Leveling with cluster analysis in Python: basic Python concepts

Hilton Fernandes — Thu, 06 Nov 2025 21:36:06 +0000

This is the 2nd of a series of 5 little articles that intend to present a simple idea of time series, and their implementation in Python. The purpose here is to present both a time series problem, and how we can solve it in simple Python code.

Only very basic knowledge of Python and time series are needed as most concepts will be explained with care and references to longer tutorials.

Roadmap

The 1st article of the series presented the basic concepts of this series. This one, the 2nd one will present basic Python concepts and techniques to be used in the solution. The 3rd one will present a solution implemented in Python. The 4th article will add a sinusoidal decomposition of the data after the filtering of the solution. And the 5th and last one will use all the elements to address a real problem in cryptocurrencies.
'

Some simple Python ideas

Libraries, modules and submodules

Isaac Newton, that created a huge part of modern Physics and Mathematics once said the he could see further because because he standed in the shoulder of giants.

This concept is behind most software codes: they do not create everything, they use a large part of what was already created, mainly in the form of sofware libraries. Python is very good at this, and here is the part of the code used here that will use some libraries. In Python, a library is usually named a module.

import numpy as np 

import matplotlib.pyplot as plt
from sklearn.cluster import KMeans

The idea that the current code will bring information from another one is encompassed in the word import in the code above. Another important point is that programmers usually prefer to write less. So, in the 1st line, the library numpy is renamed as np. In another line, the module matplotlib.pyplot is renamed simply as plt.

And in the last line of the code, another shortening is presented: instead of renaming a code fragment in a shorter from, Python lets one pick only what a programmer needs. In this case, only KMeans will be picked from sklearn.cluster.

A less important point is that use of a dot lets selecting a part of a module; that is: a submodule. In the code shown, matplotlib.pyplot means the submodule pyplot of the module matplotlib. And, of course, sklearn.cluster is the submodule cluster of the module sklearn. Creating submodules increases the organization of larger modules, as this divides them in specialized parts.

Pieces of information in scalar variables

The next part of the code deals with storing information that shall be processed. Here a list of scalar variables, or variables that are individual:

coeff : float = 0.25

base : float = 0.0
ladder : float = 1.0
n_points : int = 101
n_half : int = n_points // 2

delta : float = 1.0 / n_points

There are two types of information in this code fragment: int, that hold only integral values. In this case the count of points (n_point) and the half of that count, n_half.

The double bar in the line for n_half is used to make sure the division of n_points by 2 will generate a number of type int, and not a float number.

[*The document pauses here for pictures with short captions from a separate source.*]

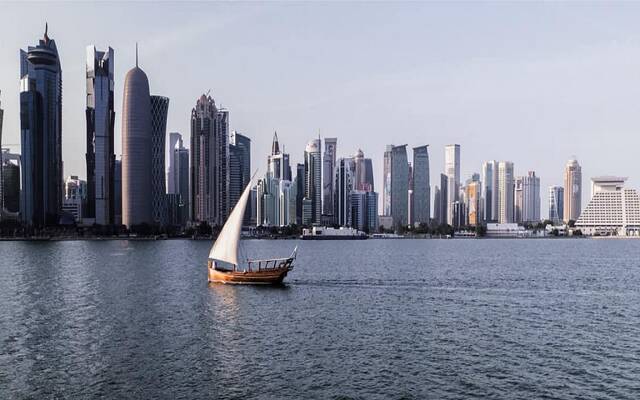 معالم في دولة قطر - أرشيفية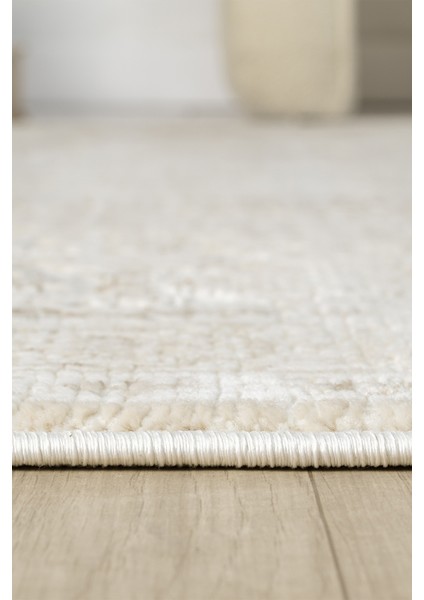 Smart Bej Halı Salon Oturma Odası Çocuk Odası Yatak Odası Halısı 12004 fırsatları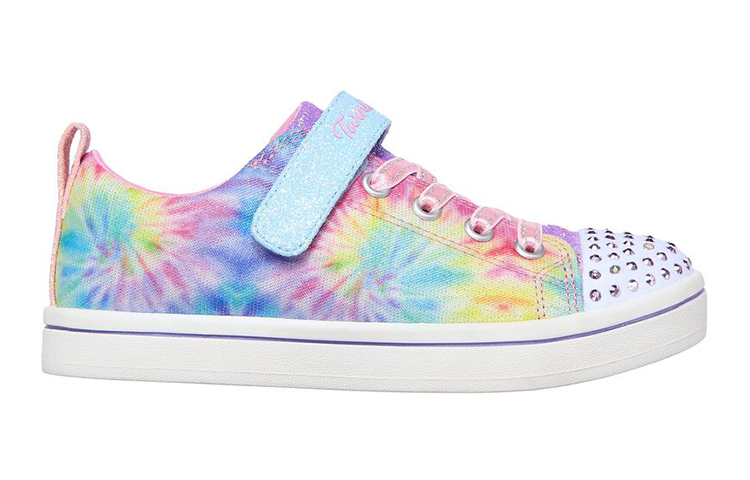 Order (JR) Skechers Twinkle Toes : Sparkle Rayz ''Rêves Groovy Rose Blanc'' 314841L-LVMT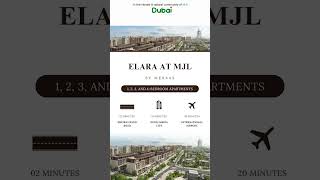 Elara by Meraas 1, 2, 3, and 4 bedroom apartments at Madinat Jumeirah Living in Dubai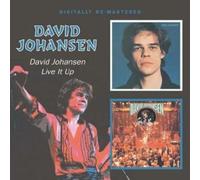 David Johansen : David Johansen - Live It Up CD (2008) NEW Amazing Value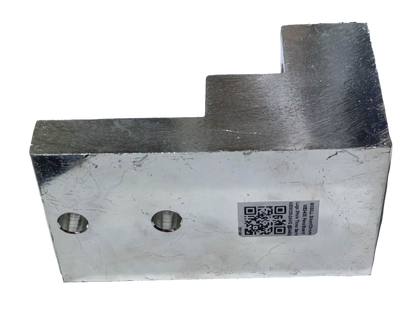 McGILL Mechanical Lugs 3 x 600MCM silver metal electrical connector with two bolt holes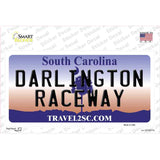 Darlington Raceway South Carolina Novelty Sticker Decal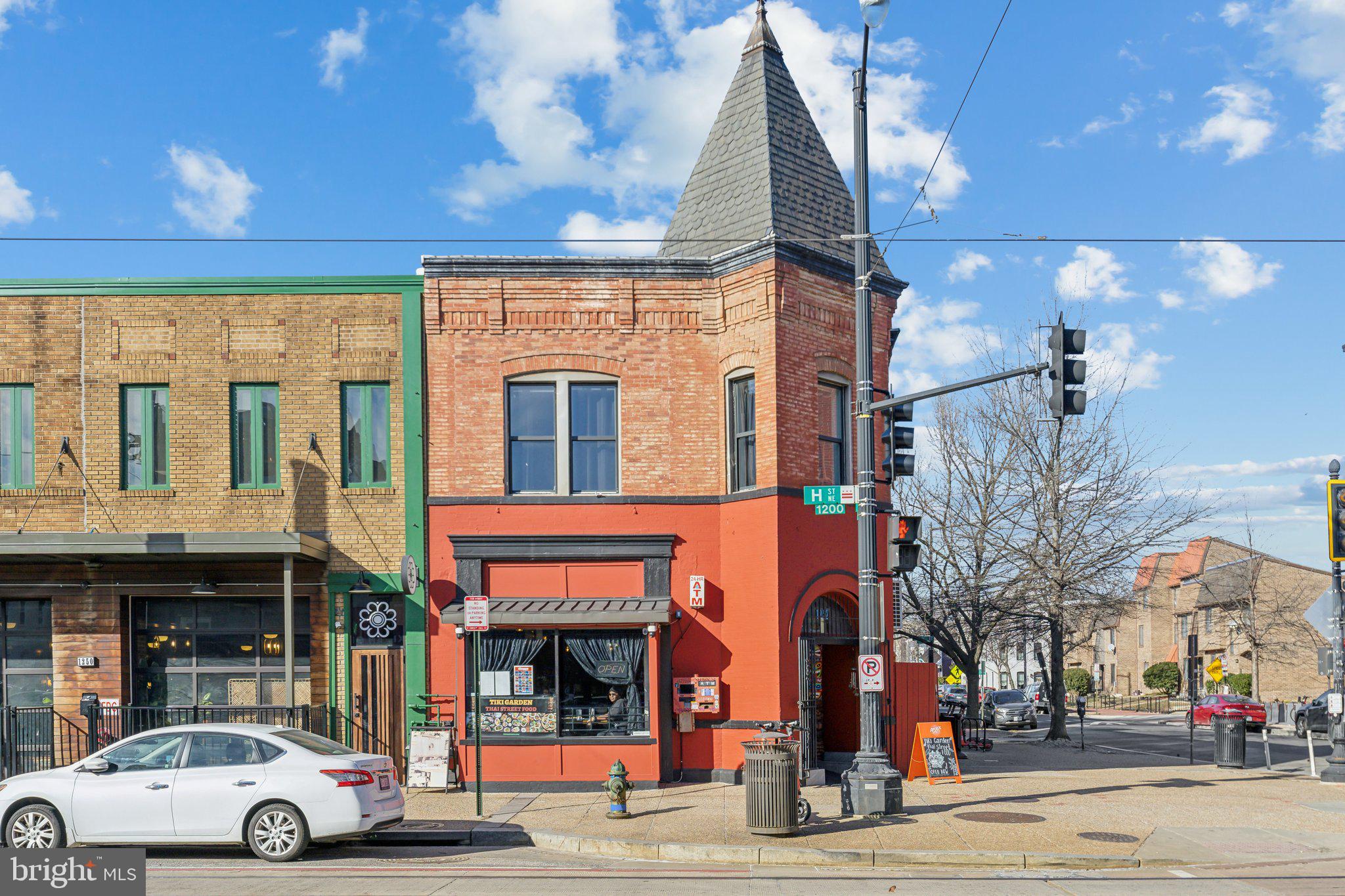 1710 West Virginia Avenue Northeast Washington, DC 20002 - Photo 35 of 36 a car parked in front of a building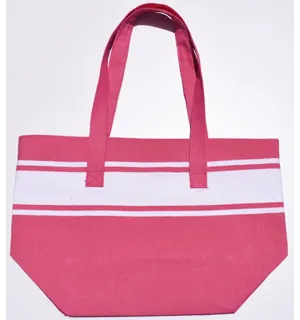 Sac de plage rose Fouta Tunisia - 1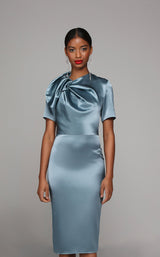 2 of 6 Alyce 70009 Dress Grey-Mist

That is: it will hold 50, and not 50.5, as the division of 101 by 2 would create.

The type float can be used to hold number with a decimal part. For instance, coeff will be used to hold a coefficient. In this case, 0.25. Since the problem here is to represent a discontuinuity, a set of values will be close to a base level, while other ones will be above it, in ladder.

And finally, delta holds the step that will be used as a clock tick in our time series.

A data generator

A time series usually is a series of data collected along the time. For instance, mean wage in a certain year. But to avoid the need of getting real data, this code will generate its own data. By means of a pseudorandom number generator, aka PRNG. In a few words, a PRNG is a mathematical algorithm that can generate a sequence of numbers without any pattern; that is: they look random. It's called pseudorandom because if one such algorithm is fed with a constant seed it will always generate the same sequence of numbers.

In this case it is:

rng = np.random.default_rng(42)

In this code, rng is the name of the fabric of numbers, and it's created by calling the function (or piece of code) defaut_rng with the parameter 42. This function is in the submodule np.random.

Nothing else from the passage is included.